The defects of the prior wet-process phosphoric acid production process are as follows:
1. in the fluorine absorption section, the mixed liquid of fluosilicic acid and silica gel needs to be precipitated for a long time in a multistage sedimentation tank, and the occupied area is large;
2. the amount of the precipitate generated after precipitation, namely the silica gel and the fluosilicic acid liquid, is still large, and when the precipitate is discharged into a rear-end sewage station for treatment, the lime amount of the neutralization reaction is large, so that more solid waste is caused.

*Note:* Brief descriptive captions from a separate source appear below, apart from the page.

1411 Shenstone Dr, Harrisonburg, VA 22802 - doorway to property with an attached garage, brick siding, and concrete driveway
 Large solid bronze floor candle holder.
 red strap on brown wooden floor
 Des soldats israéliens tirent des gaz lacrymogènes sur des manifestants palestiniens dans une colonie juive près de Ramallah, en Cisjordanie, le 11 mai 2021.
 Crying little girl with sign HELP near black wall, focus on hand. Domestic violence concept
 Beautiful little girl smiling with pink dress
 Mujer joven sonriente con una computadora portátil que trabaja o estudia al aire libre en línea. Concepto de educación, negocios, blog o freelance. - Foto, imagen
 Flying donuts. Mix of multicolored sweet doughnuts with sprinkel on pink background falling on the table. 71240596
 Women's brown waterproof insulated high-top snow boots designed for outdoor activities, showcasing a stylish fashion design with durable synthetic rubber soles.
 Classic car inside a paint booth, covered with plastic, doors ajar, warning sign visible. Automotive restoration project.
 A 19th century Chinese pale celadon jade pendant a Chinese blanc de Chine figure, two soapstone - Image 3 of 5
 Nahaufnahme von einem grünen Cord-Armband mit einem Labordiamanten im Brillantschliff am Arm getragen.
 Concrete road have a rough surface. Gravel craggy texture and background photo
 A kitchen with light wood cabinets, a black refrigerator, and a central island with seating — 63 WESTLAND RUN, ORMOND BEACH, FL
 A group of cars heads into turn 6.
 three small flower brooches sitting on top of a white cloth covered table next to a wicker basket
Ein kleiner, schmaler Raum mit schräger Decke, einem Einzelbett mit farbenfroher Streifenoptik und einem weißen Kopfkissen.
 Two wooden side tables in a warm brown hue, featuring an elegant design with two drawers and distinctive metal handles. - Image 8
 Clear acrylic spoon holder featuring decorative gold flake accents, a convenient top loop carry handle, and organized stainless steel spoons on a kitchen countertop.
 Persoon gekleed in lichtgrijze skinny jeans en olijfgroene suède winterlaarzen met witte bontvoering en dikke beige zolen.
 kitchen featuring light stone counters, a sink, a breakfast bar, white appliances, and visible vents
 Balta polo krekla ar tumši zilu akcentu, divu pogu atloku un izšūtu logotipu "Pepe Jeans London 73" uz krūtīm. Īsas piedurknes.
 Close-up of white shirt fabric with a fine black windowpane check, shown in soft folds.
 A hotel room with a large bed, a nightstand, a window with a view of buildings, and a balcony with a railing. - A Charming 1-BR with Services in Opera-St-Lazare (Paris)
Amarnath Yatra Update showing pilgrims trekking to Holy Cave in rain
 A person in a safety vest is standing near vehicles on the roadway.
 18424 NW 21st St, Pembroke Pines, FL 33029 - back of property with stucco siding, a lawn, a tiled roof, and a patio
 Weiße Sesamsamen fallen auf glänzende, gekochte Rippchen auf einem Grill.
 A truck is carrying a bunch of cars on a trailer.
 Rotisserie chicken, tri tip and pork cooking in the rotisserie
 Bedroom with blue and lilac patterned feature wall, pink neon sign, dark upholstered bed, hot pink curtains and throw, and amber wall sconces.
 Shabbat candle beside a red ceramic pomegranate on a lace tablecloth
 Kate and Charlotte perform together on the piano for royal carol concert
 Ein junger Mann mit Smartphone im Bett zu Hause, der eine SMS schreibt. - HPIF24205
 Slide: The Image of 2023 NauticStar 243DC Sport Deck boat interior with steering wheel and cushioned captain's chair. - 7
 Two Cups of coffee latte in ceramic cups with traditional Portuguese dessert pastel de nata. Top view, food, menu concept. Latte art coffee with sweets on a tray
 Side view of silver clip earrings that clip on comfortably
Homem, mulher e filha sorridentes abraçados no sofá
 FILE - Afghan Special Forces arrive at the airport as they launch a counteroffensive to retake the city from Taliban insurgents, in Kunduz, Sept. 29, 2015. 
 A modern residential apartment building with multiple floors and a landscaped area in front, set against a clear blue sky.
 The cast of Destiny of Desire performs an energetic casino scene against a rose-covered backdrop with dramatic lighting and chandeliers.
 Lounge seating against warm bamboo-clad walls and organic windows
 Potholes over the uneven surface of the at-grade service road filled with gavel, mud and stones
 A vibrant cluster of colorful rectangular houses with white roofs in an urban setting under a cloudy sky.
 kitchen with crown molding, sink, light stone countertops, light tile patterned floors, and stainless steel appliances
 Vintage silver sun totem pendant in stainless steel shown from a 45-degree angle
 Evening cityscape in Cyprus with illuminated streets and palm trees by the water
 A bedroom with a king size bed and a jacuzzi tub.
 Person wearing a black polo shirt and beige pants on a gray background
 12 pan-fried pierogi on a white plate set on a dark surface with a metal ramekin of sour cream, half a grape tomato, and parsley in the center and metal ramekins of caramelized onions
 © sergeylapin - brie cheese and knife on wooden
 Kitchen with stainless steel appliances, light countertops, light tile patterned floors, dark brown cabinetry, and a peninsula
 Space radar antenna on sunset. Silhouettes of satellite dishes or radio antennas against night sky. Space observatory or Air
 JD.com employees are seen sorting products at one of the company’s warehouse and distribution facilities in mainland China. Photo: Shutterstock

The invention content is as follows:
based on the defects, the invention provides the spiral continuous separator for filtering silica gel by using fluosilicic acid, which effectively solves the technical problems that the occupied area of a sedimentation tank is large and the application amount of limestone for processing residual fluosilicic acid containing liquid is large due to the need of carrying out sedimentation on fluosilicic acid mixed liquid and removing residual fluosilicic acid containing liquid in the existing hydrogen fluoride treatment and absorption process.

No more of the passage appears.